§ Exercise description
Look below for the line containing "Luftaufnahme eines rosa"; from there through the line containing "Budget Double Room", both lines included, please set down each line exactly and nothing else.

§ Given records
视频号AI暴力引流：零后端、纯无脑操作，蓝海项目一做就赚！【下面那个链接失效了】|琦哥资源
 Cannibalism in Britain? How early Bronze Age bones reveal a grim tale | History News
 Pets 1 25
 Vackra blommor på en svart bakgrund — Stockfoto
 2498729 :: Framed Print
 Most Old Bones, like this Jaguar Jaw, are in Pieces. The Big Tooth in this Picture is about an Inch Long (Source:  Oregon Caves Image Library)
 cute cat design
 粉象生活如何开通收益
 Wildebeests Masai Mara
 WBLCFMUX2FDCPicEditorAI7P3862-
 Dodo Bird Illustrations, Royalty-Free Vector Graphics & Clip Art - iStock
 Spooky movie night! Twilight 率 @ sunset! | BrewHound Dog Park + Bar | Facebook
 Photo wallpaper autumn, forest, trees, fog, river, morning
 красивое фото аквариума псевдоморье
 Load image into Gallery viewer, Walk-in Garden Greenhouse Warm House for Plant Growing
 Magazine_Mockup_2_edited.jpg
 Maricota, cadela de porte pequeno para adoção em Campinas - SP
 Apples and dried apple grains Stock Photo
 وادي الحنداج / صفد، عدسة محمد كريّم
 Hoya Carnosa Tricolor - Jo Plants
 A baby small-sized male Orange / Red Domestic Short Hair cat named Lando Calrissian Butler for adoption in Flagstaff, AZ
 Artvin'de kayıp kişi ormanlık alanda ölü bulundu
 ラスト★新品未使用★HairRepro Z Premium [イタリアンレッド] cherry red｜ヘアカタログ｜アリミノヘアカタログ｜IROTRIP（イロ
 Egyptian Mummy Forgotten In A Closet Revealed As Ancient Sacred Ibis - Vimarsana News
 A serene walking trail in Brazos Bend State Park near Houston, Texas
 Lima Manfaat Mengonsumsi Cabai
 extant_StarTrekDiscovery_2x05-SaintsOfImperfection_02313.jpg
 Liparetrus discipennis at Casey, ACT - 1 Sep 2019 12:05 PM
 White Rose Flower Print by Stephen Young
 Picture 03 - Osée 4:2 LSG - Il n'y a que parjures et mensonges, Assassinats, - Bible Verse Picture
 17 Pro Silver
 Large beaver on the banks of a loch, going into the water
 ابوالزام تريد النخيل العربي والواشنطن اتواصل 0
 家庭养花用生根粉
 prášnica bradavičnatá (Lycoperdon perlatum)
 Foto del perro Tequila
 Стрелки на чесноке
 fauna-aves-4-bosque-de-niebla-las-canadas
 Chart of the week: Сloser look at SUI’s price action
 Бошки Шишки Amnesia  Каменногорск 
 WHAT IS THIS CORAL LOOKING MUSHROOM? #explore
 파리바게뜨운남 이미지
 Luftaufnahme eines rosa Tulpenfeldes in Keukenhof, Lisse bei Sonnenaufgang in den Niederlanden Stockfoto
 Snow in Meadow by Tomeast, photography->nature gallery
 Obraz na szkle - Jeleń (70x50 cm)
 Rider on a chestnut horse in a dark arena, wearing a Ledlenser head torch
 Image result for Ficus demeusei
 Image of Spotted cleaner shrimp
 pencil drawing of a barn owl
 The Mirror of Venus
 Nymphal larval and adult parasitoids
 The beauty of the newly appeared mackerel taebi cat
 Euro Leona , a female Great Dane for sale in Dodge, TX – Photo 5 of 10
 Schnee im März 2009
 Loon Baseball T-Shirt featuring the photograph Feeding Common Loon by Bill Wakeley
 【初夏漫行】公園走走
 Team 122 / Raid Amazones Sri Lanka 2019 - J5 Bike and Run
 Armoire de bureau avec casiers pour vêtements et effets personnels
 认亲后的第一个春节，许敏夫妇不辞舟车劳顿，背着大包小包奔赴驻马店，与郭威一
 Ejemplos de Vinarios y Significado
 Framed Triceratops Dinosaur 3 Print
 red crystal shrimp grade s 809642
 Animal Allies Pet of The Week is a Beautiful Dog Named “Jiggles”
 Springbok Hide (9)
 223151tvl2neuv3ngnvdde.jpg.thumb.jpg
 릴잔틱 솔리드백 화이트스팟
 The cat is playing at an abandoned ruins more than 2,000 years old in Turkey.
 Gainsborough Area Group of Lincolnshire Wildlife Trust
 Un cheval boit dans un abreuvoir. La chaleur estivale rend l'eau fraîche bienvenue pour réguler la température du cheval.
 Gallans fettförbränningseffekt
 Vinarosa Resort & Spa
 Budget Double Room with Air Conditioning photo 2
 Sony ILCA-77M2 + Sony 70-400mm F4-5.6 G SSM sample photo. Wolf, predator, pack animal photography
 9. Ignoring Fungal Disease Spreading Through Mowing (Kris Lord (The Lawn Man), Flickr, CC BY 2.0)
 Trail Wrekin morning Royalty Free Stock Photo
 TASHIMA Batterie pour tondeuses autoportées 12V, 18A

§ Solution
 Luftaufnahme eines rosa Tulpenfeldes in Keukenhof, Lisse bei Sonnenaufgang in den Niederlanden Stockfoto
 Snow in Meadow by Tomeast, photography->nature gallery
 Obraz na szkle - Jeleń (70x50 cm)
 Rider on a chestnut horse in a dark arena, wearing a Ledlenser head torch
 Image result for Ficus demeusei
 Image of Spotted cleaner shrimp
 pencil drawing of a barn owl
 The Mirror of Venus
 Nymphal larval and adult parasitoids
 The beauty of the newly appeared mackerel taebi cat
 Euro Leona , a female Great Dane for sale in Dodge, TX – Photo 5 of 10
 Schnee im März 2009
 Loon Baseball T-Shirt featuring the photograph Feeding Common Loon by Bill Wakeley
 【初夏漫行】公園走走
 Team 122 / Raid Amazones Sri Lanka 2019 - J5 Bike and Run
 Armoire de bureau avec casiers pour vêtements et effets personnels
 认亲后的第一个春节，许敏夫妇不辞舟车劳顿，背着大包小包奔赴驻马店，与郭威一
 Ejemplos de Vinarios y Significado
 Framed Triceratops Dinosaur 3 Print
 red crystal shrimp grade s 809642
 Animal Allies Pet of The Week is a Beautiful Dog Named “Jiggles”
 Springbok Hide (9)
 223151tvl2neuv3ngnvdde.jpg.thumb.jpg
 릴잔틱 솔리드백 화이트스팟
 The cat is playing at an abandoned ruins more than 2,000 years old in Turkey.
 Gainsborough Area Group of Lincolnshire Wildlife Trust
 Un cheval boit dans un abreuvoir. La chaleur estivale rend l'eau fraîche bienvenue pour réguler la température du cheval.
 Gallans fettförbränningseffekt
 Vinarosa Resort & Spa
 Budget Double Room with Air Conditioning photo 2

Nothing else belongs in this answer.